General Relativity and relationism

1. Apr 2, 2004

hellfire

First of all, I have to say that I was thinking long about whether to post this in the Philosophy of Science forum or here. I decided to post it here because, although part of the question is centered on the definition of relationism, the main problem concerns some technical aspects of GR.

I read a paper from Carlo Rovelli titled “Quantum spacetime: what do we know?”, which can be found at http://arxiv.org/gr-qc/9903045 [Broken]. There it is claimed that General Relativity is a theory in which space and time exist in relation to energy and matter. According to Rovelli, this has to be understood in a profound sense: in the same way that no matter is possible without spacetime, in GR, no spacetime is possible without matter.

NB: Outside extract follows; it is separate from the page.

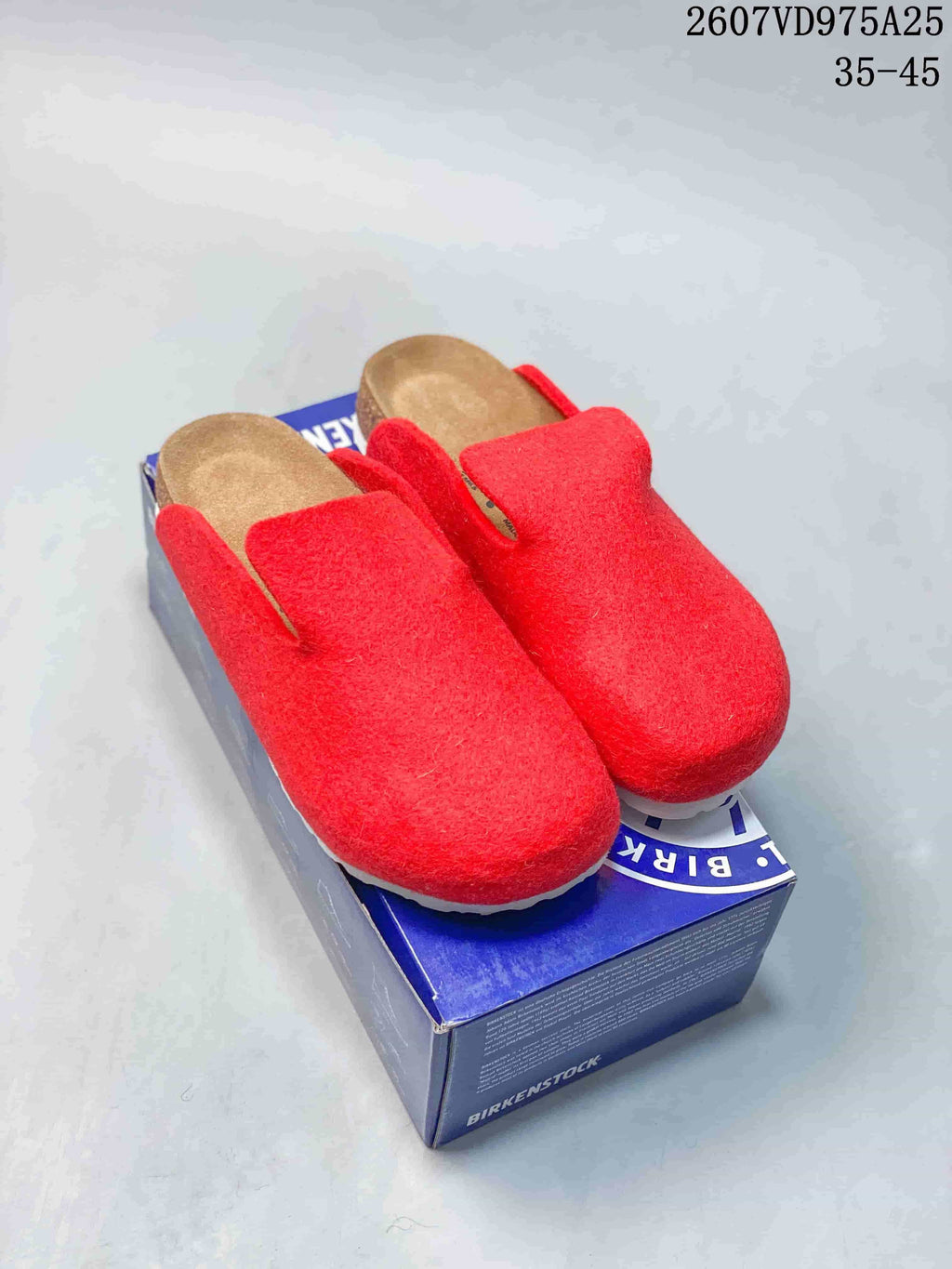 Red closed-toe Amsterdam clogs displayed on a blue Birkenstock box; source overlay shows code 2607VD975A25 and size range 35-45.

My interest is not about Quantum Gravity (this would not be meaningful since the mathematics are beyond my knowledge), but about General Relativity, whose fundaments I would like to understand better. Also, I would like to say that I just know a little bit about GR (from Schutz), so I apologize if I wrote something senseless after this long post.

My problem is that I cannot understand Rovelli’s claim. First of all, the Einstein equations in GR say that the metric is influenced by matter in a similar way than matter is influenced by the metric. IMO this is far away from saying that, if there were no matter, then there would not be any metric. The point is that in GR it is possible to have a spacetime without matter. This is a flat spacetime, not expanding and with gravitational waves depending on boundry conditions. Since it is mathematically possible, one should infer that this has some significance which cannot be ignored.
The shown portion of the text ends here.